Blue Jeans Network, a cloud-based videoconferencing service, on Thursday announced that it is able to join videoconference participants via Lync and via Skype, as well as those participating via room-based systems from Cisco Systems, Polycom, Logitech LifeSize, and others. The company will demonstrate the capability next week at the Enterprise 2.0 conference in Santa Clara, Calif.
"Nobody else in the world can currently take a user on Microsoft Lync and a user on Skype and put them together into one single meeting," said Stu Aaron, Blue Jeans chief commercial officer. The company launched its cloud-based videoconferencing service in June, claiming that it can join participants on any system on any device from anywhere. All the user needs is a device with a Web browser, an Internet connection, and a built-in video camera.
Subscribers are charged a certain amount of money for a specific number of minutes per month, just like a wireless phone plan. Only the host needs to have an account with Blue Jeans, not guests.
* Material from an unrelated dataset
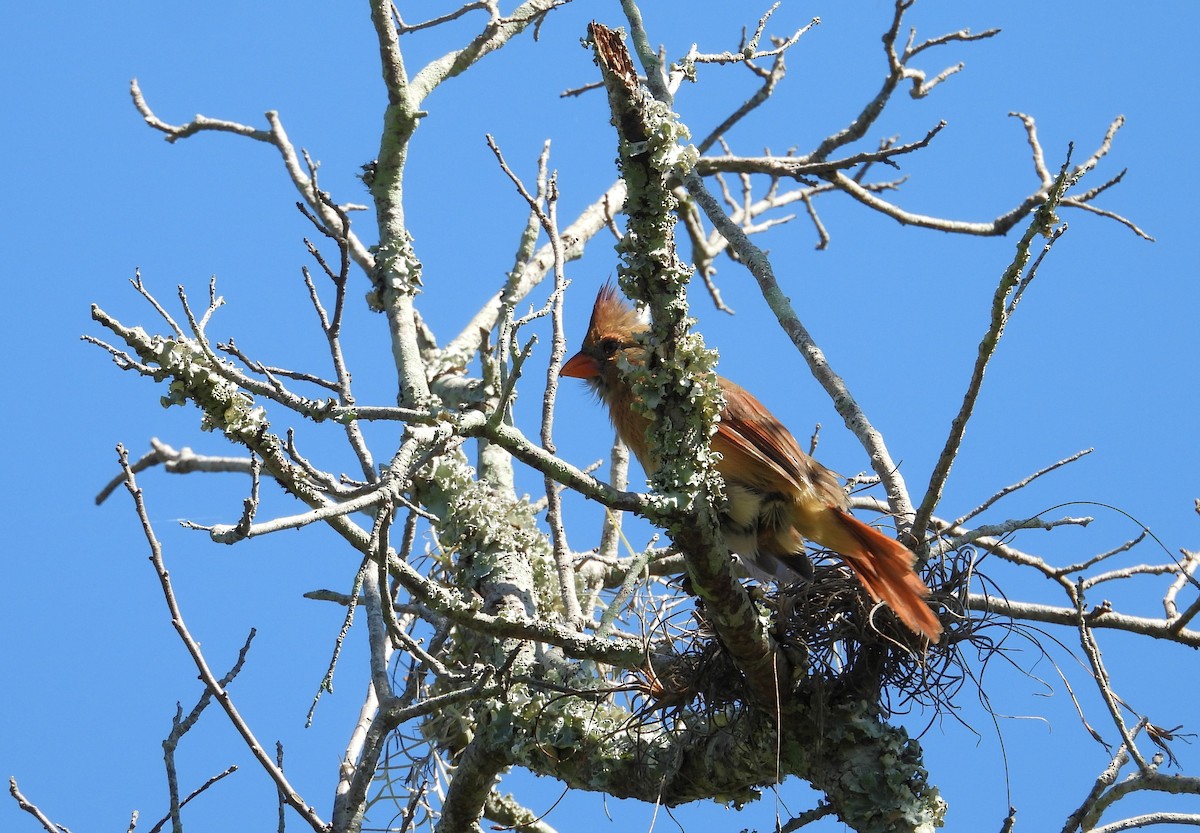 Northern Cardinal - ML623139073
While Microsoft has yet to announce an integration of Lync and Skype since the acquisition closed Oct. 13, it is clearly on the company's roadmap, Ballmer said. "Lync ... with Skype is a strategy that I think will allow the consumerization of IT to really proceed with full vim and vigor," he said at the Microsoft Worldwide Partner Conference 2011 in Los Angeles in July. "We think we're going to be able to do even more fantastic things together."
But because Blue Jeans is browser-based, participants running any system can join the same meeting, said Aaron.
Blue Jeans calls its offering a "Meet Me" service, as do other vendors, because participants are sent an email prior to a meeting with a Web link. At the appointed time, participants all click on the link and they all appear onscreen for the meeting. They can join from any H.323-compliant system or Skype--as well as the comparable Google Talk--and they can join from a studio, a desktop, tablet computer, or a smartphone.